Perhaps Wheeler should not have used the word “equivalent,” but nothing in his statement can reasonably be construed to imply that Chromecast is currently the same as a cable box. Yes, it provides video services. Now that Sling TV and PlayStation Vue are available nationwide, streaming device users can indeed get access to some live TV feeds.

But that’s not the same as a cable box. For one thing, while live TV streams may be in HD, they may also — thanks to congestion, weak WiFi connections, and data caps imposed by broadband providers — come in significantly downgraded. That doesn’t generally happen with TV service coming over a cable line into a set-top box.

And speaking of data caps, the existence of a monthly limit has the effect of restricting just how much video one can watch. This would be especially problematic in a household with multiple users all trying to stream live HD TV simultaneously in different rooms. You don’t hear about Comcast charging TV viewers extra just because they watched too many episodes of Big Bang Theory.
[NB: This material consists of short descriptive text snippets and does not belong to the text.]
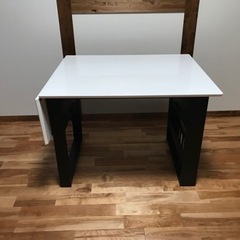 ニトリテーブル
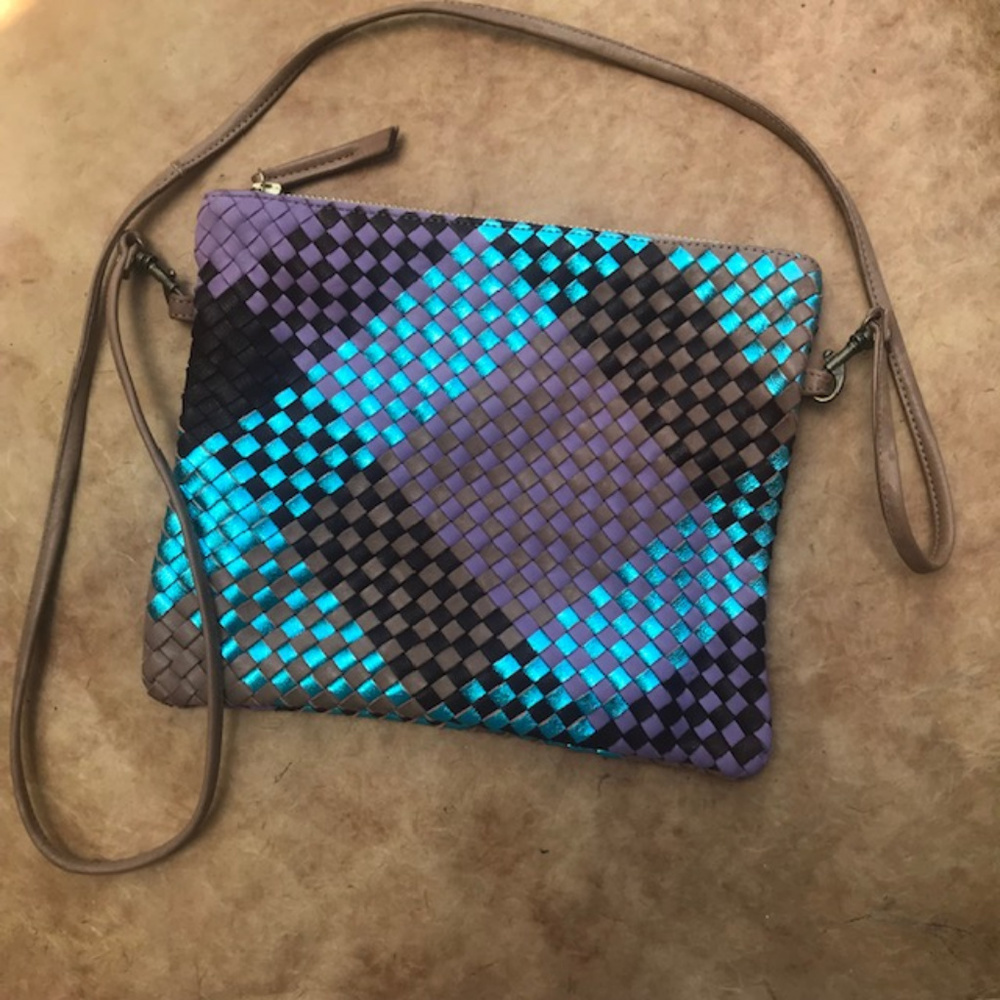 Claramonte Crossbody Pouch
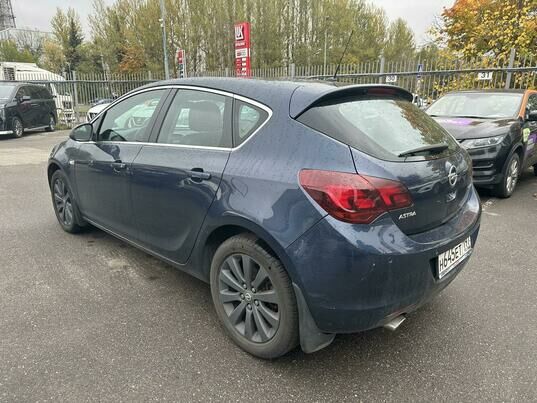 Opel Astra, 2010 г., 98 467 км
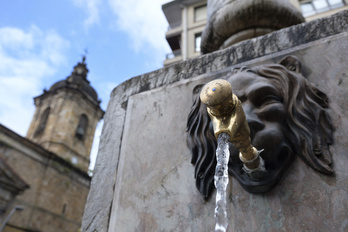 Urretxuko iturri bat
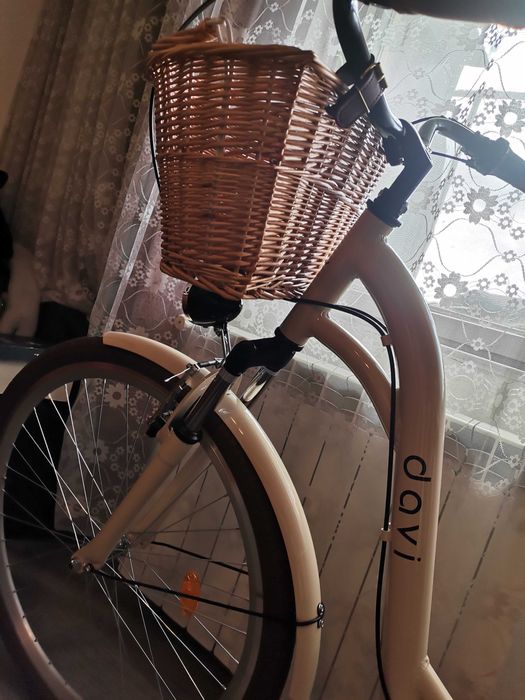 Vand bicicleta de oras noua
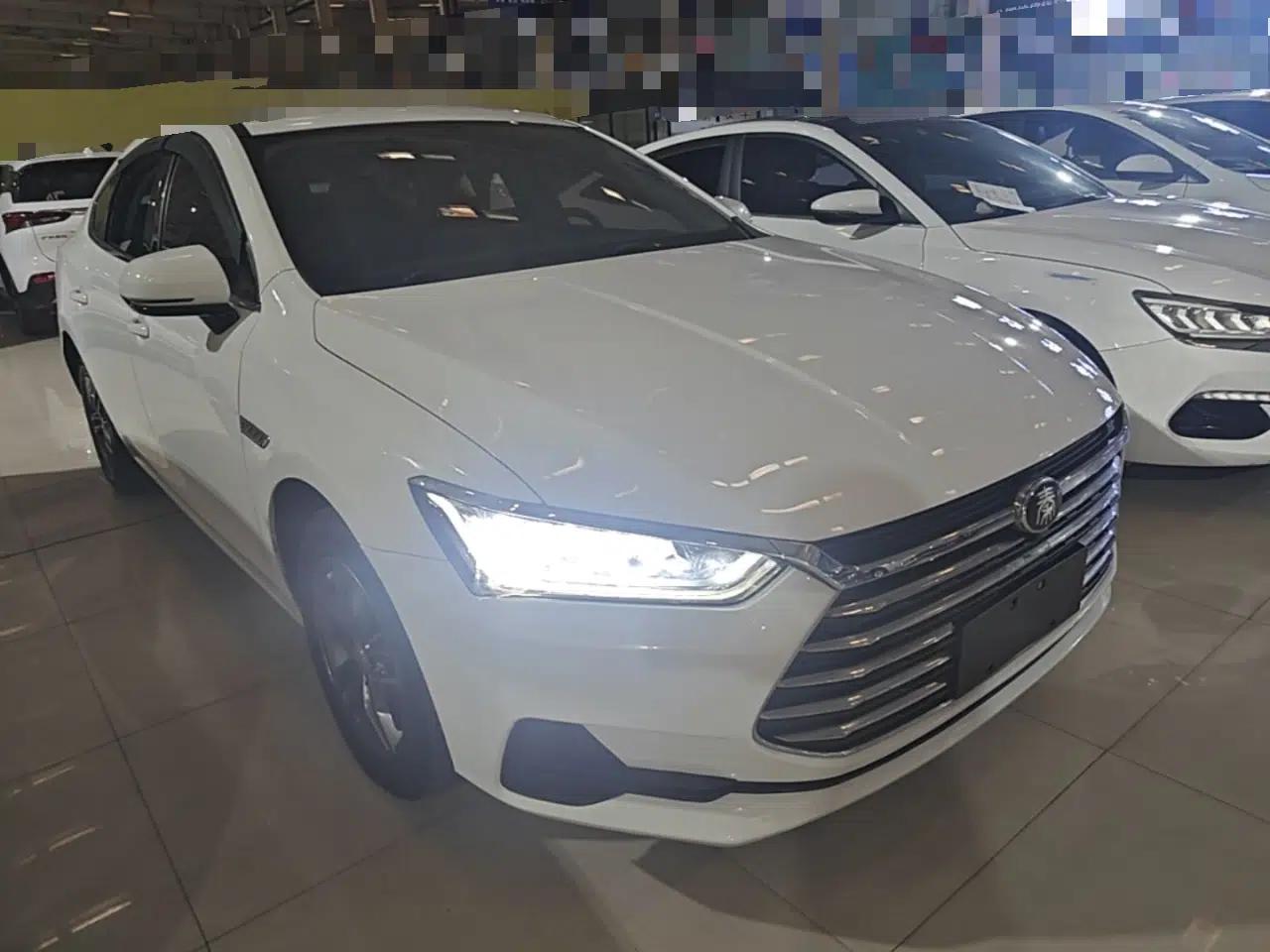 BYD Qin Pro 2019 Super Edition 1.5TI Automatic Smart Connect FENGSHANG Model China V Standard — миниатюра 3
Since many Americans get their Internet and cable from the same company, replacing that pay-TV service with an over-the-top streaming option like Sling or PS Vue also means you’re likely giving up the financial benefit of bundling your cable and broadband services. So you’re paying a higher price for broadband and using more of it, putting you at risk for hitting the aforementioned data cap.

Most pay-TV providers do offer apps that allow you to stream live TV both in your home and away from your house, but you’re still generally required to have — and pay for — at least one set-top box somewhere in the world.

If anything, it’s the Future of TV Coalition that makes a gaffe in its statement, noting that “Chairman Wheeler correctly points out that apps-driven innovation is already allowing consumers to watch video on a wide range of devices — without hurting small and independent programmers, invading privacy, or undermining copyright protections.”

A reductive reading of that sentence, in combination with the Coalition’s assertion that Chromecast is already the equivalent of a set-top box, would seem to indicate that the very concerns raised by the industry — privacy, piracy, damage to small programmers — have already been addressed by existing technology and therefore there is nothing for pay-TV companies to be worried about.

We still don’t understand the industry’s eagerness to prevent competition in the set-top box market. Yes, it might mean the loss of some revenue for those customers who switch to a new device and stop paying to lease or rent one from the pay-TV provider, but it could also be a boon to the industry.

If some people are cutting their cable cord because they are sick of paying monthly fees for renting remotes and boxes, a lower-cost option may keep them from getting rid of cable or satellite altogether.

For the cord-nevers — that younger generation that has grown up on streaming, on-demand video and hasn’t ever considered a cable contract necessary — they may be tempted to try a pay-TV service if it’s available from the same device that brings all their streaming content to the TV.

And besides, as one industry analyst bluntly pointed out, “If [set-top box] revenue stream is threatened, we assume the cable industry will simply shift the revenue from boxes to service as they go through their annual rate adjustment process. After all, box revenues just go to help pay rising content costs.”